运动医学和运动科学中常用信度指标效度的探讨：数据模拟综述。

除了客观性和有效性之外，可靠性被认为是科学工作中测试的先决条件，因为不可靠的测试方案限制了结论，特别是在实际应用中。分类指南通常涉及相对信度，重点关注Pearson相关系数（rp）和class内相关系数（ICC）。在这些问题上，除了变异系数（CV）之外，通常还计算测量的标准误差（SEM）和最小可检测变化（MDC）。然而，这些并不能解释系统或随机错误（例如，标准化问题）。为了说明这一点，我们将体育科学中的常见信度统计应用于模拟数据，该数据扩展了来自（青年）精英篮球运动员的两个原始反动作-跳跃会话的样本量。这些结果表明，没有系统偏倚的优秀rp和ICC（≥0.9）伴随着平均绝对百分比误差超过20%。此外，我们表明ICC没有考虑到系统误差，只有有限的准确性价值，这可能导致数据的误导性结论。虽然对数据进行简单的重组可以提高相对可靠性，并有意义地减少一致性的限制，但也发生了系统错误。这个例子强调了常用的基于icc的可靠性统计（SEM， MDC）在量化主要和次要方差源方面缺乏有效性和客观性。在揭示了文献中的几个警告之后（例如，忽略了系统和随机误差，或者没有区分协议和设备可靠性），我们建议一种方法学方法，通过推荐预设可接受的测量误差来提供可靠的数据收集，作为有效结论的先决条件。

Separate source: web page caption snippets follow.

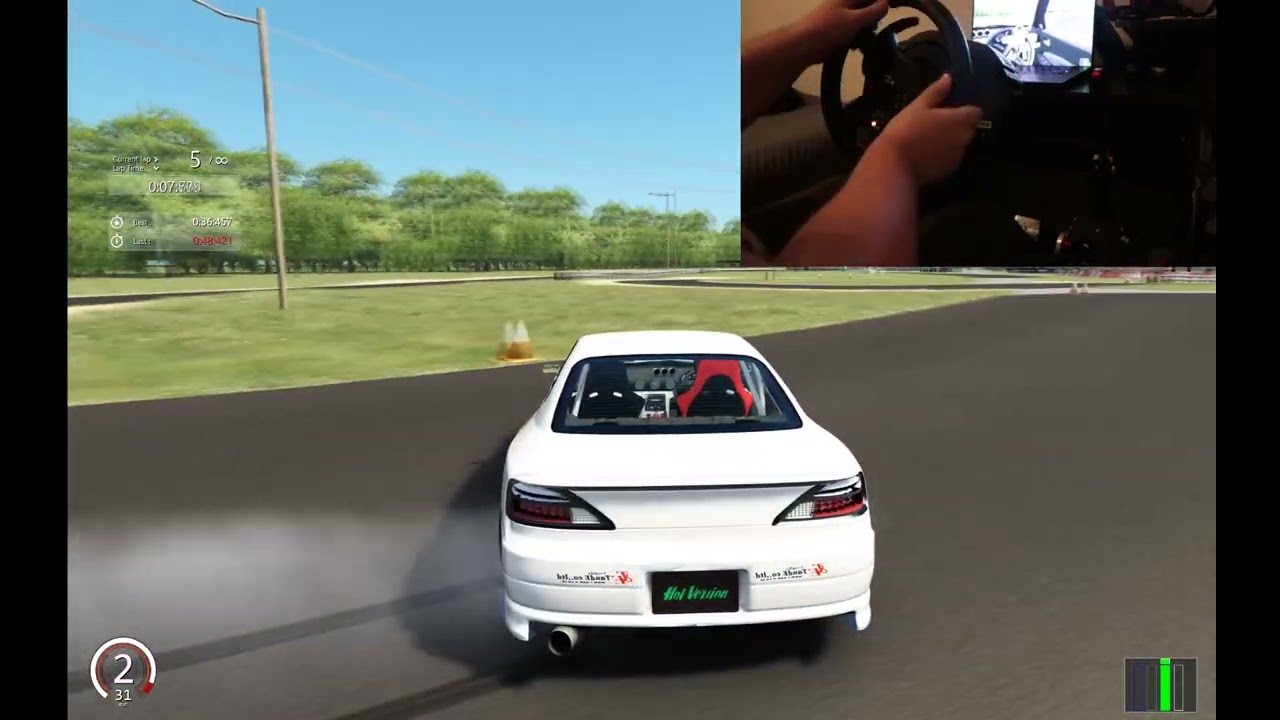 Assetto Corsa Klutch Kickers Solo run YouTube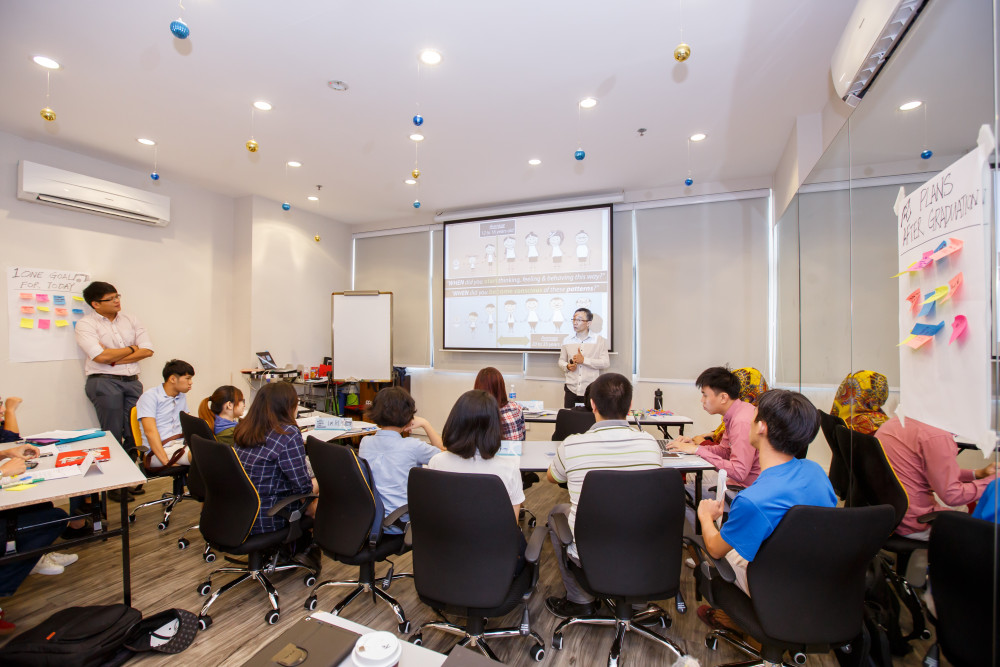 Education & Career Guidance Singapore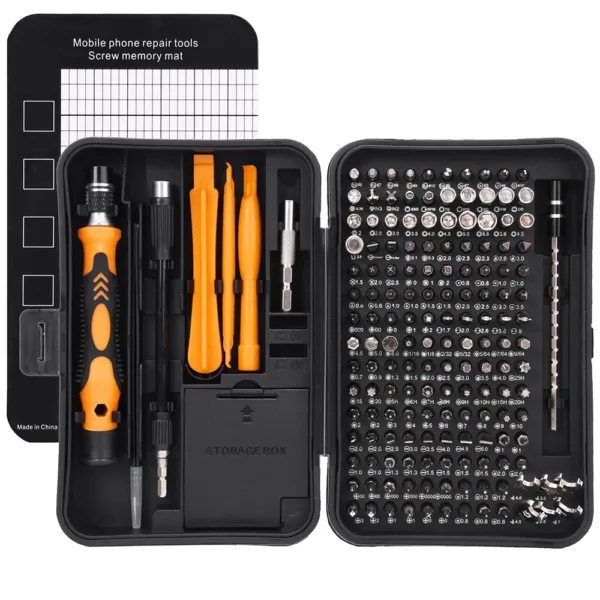 170-in-1 Precision Screwdriver Set Tool Kit - Image 8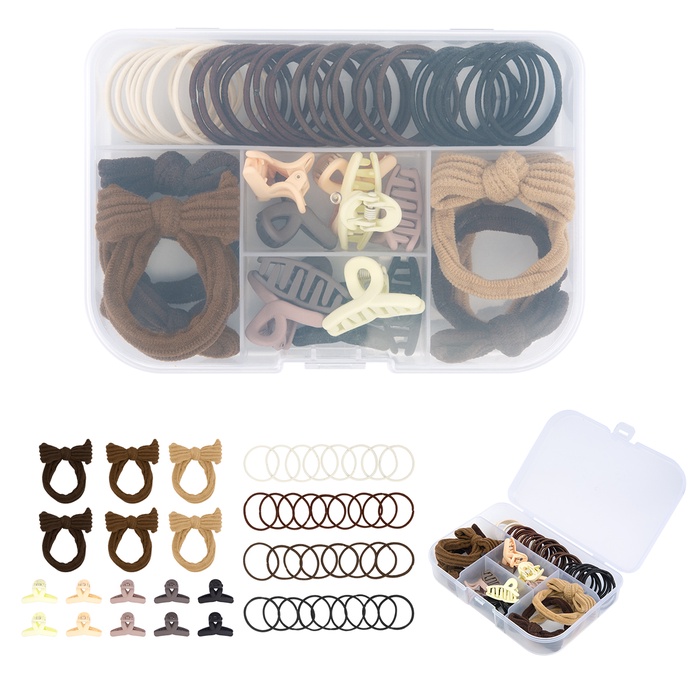 Hair Accessory Kit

本文章由计算机程序翻译，如有差异，请以英文原文为准。

求助全文

约1分钟内获得全文求助全文

来源期刊

European Journal of Applied Physiology 医学-生理学

CiteScore

6.00

自引率

6.70%

发文量

227

审稿时长

3 months

期刊介绍： The European Journal of Applied Physiology (EJAP) aims to promote mechanistic advances in human integrative and translational physiology. Physiology is viewed broadly, having overlapping context with related disciplines such as biomechanics, biochemistry, endocrinology, ergonomics, immunology, motor control, and nutrition. EJAP welcomes studies dealing with physical exercise, training and performance. Studies addressing physiological mechanisms are preferred over descriptive studies. Papers dealing with animal models or pathophysiological conditions are not excluded from consideration, but must be clearly relevant to human physiology.